The EU pesticides database on active substances currently comprises 12 bacterial strains, most of which are spore‐forming (available from: ec.europa.eu/food/plant/pesticides/eu‐pesticides‐database/ 22/08/2017). The majority belongs to the genus Bacillus (Bacillus firmus, Bacillus amyloliquefaciens, Bacillus pumilus, Bacillus subtilis and Bacillus thuringiensis). Furthermore, two Pseudomonas species (Pseudomonas chlororaphis and Pseudomonas sp.) and two Streptomyces species (Streptomyces lydicus and Streptomyces K61) are approved. Globally, the amount of registered bacterial strains for plant protection is in the range of 77 (Ravensberg, ).

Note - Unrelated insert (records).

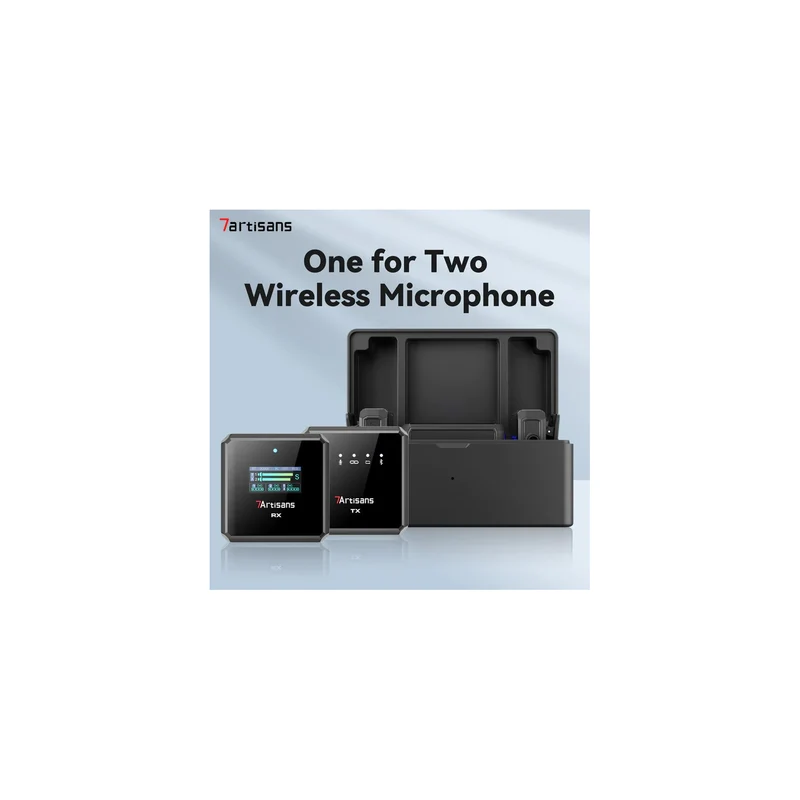 7Artisans DMic-S microphone (one receiver + two transmitters)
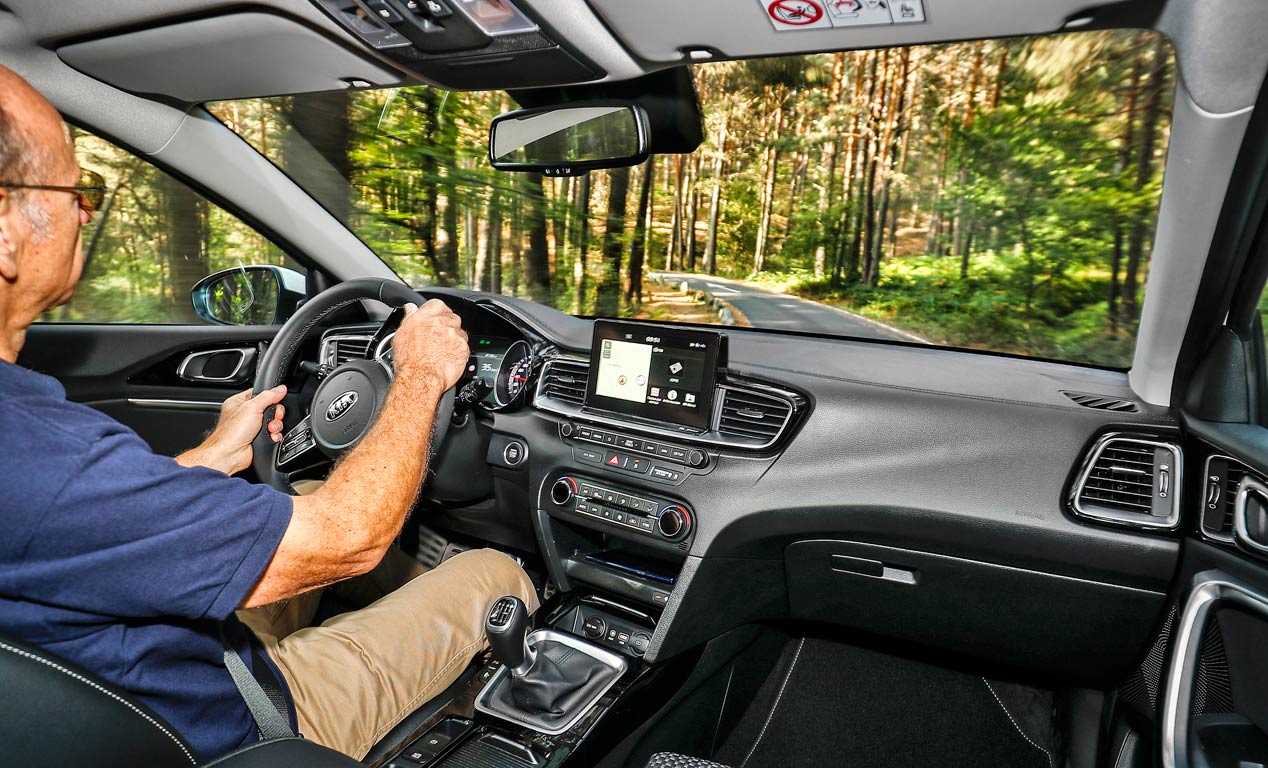 Kia Ceed 1.4 T-GDI de 140 CV: a prueba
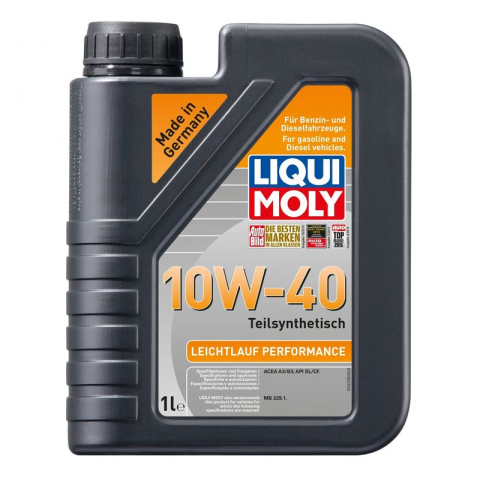 10W40 - Ulei Motor Liqui Moly Leichtlauf Performance 10W-40 1L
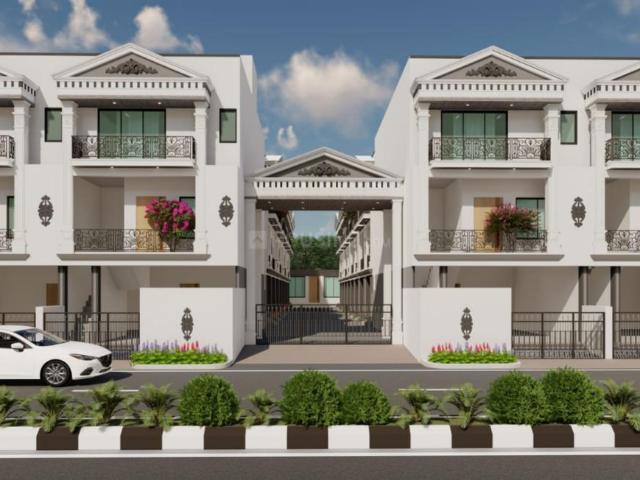 3 BHK Independent House in Dindoli for resale Surat. The reference number is 19342907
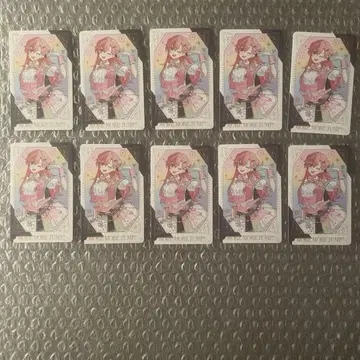프로세카 감사제 그리팅 카드 그리카 모모이 아이리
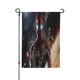 thumbnail image 1 of Bandera de jardín de temporada de Spider-Man, bandera de doble cara, bandera navideña para decoración navideña al aire libre., 1 of 8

As opposed to biopesticides, the market situation of biostimulants is much less clear. This is due to variations in how biostimulants are defined and regulated in different countries, and the fragmented market, in which many small, local manufacturers are active (Watkins, ). Generally, bacteria from the genus Bacillus, Pseudomonas and Rhizobium are most frequently commercialized (Ravensberg, ). The sales of biostimulants were estimated at a total value of US$ 1.5 billion in 2015 and thus lower than the ones of biopesticides. However, they are growing at a similar rate of 10–12% per year (Watkins, ). These numbers underline the great potential for commercialization of products based on microorganisms.